Divorce is horrible. And unfortunately, it's even more terrible for our children. This week, one of my students posted on my online forum asking for help. Her tween daughter is unhappy which means she is unhappy. My student is newly divorced and their entire lives have been upended. Once having lived in the expansive stretch of a McMansion, now living in a tiny two-room apartment. Her daughter complains about the apartment, the clothes, the new life. The mom feels guilty and ashamed and is grasping for anything she can do to help her daughter feel safe. Feel loved. Feel like it's all going to be okay.
I remember what this was like. I remember that first year, living in my little house. I remember the tears, night after night, as I tried to put my inconsolable daughter to bed. I remember her fury and her heartbreak.
"You've stolen my happiness," she told me. I would read to her and brush my fingers through her hair and kiss her forehead and watch her fall asleep. And then go to my bed and cry. She was heartbroken; I was heartbroken. It was a marathon that seemed to have no end.
That painful phase was followed by what she and I call her "teenage phase." She was eight and she hated me. Overnight, she seemed to form some sort of Tourette's syndrome comprised only of cutting remarks aimed at me.
"You're so fat, no one is ever going to love you."
"Your butt is so big, it's so gross. That's why you're single, Mom. No one loves you."
"You know why you're divorced? Because you're so ugly."
"If you weren't so fat, we wouldn't be alone."
"I wish you weren't my mom. I wish I had a pretty mom. Or a skinny mom."
She would say these things and then break into tears. Even though she knew her words were cruel, she couldn't help herself. For nearly a year, she just spewed shit in my direction and then felt guilty and then cried. Only to have all that anger bubble back up like a pressure cooker and then erupt again.
I sucked it up for months. And then I cracked. Hard. I thought I couldn't do it. I thought I couldn't continue hearing this bullshit day after day. I thought I couldn't continue to be loving and patient as my daughter healed. I thought I couldn't be her whipping post.
But I was wrong. I could and I did.
So, mother of the Unhappy Daughter of Divorce, this is the advice I have for you:
Your daughter is unhappy. I hate to say this, but she's supposed to be unhappy. Divorce is a major trauma for children. It's a wound that hasn't even begun to heal. Unfortunately, it's a wound that you will have to continue to clean out and disinfect, day after day. This will be excruciating for her and she will need to bite on something hard to get her through the pain.

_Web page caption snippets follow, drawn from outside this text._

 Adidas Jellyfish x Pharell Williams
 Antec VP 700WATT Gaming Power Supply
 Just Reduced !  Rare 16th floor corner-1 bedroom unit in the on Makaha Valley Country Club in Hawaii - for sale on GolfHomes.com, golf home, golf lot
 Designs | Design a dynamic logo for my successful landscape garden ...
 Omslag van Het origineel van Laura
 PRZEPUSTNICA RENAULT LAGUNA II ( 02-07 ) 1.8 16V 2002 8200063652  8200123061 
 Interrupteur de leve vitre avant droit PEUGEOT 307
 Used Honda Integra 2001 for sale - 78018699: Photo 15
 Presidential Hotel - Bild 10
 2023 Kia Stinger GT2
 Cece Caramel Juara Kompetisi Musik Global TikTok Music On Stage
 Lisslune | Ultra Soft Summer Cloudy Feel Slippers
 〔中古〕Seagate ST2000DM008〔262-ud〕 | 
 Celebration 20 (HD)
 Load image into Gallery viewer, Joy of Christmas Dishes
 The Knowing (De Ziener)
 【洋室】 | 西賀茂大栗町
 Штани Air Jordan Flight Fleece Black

You will be that thing that she bites.
You will be the thing that helps her through this. And that means you have to be more strong than you've ever been. That means when she wants to give you the orphan-Annie-woe-is-my-closet story, you tell her to snap out of it. And mean it. That means that you will teach her how to respect you and how to respect herself. That means that when you want to blame this on money, or square footage, or neighboring mansions, you stop yourself and bring yourself back to what this is really about.
You are both fugitives. And you're on the same team.
This means that she will resent you and hate you and blame you. And you will let her. Because you are the only safe thing in her life, the only person who has the fortitude to let her rail and kick and scream and strengthen her muscles until she feels safe enough to calm down.
This means that you will crack. And that sucks. And you will cry every time she leaves for her dad's house. And you will be ashamed of yourself and your life and hers. And this will part will last longer than you think it should. And then you will pick yourself up and gird yourself to get ready for her arrival again. And again.
Because this is what we do. We are mothers of daughters. We have no other choice.
I love you. I've been there. I am there.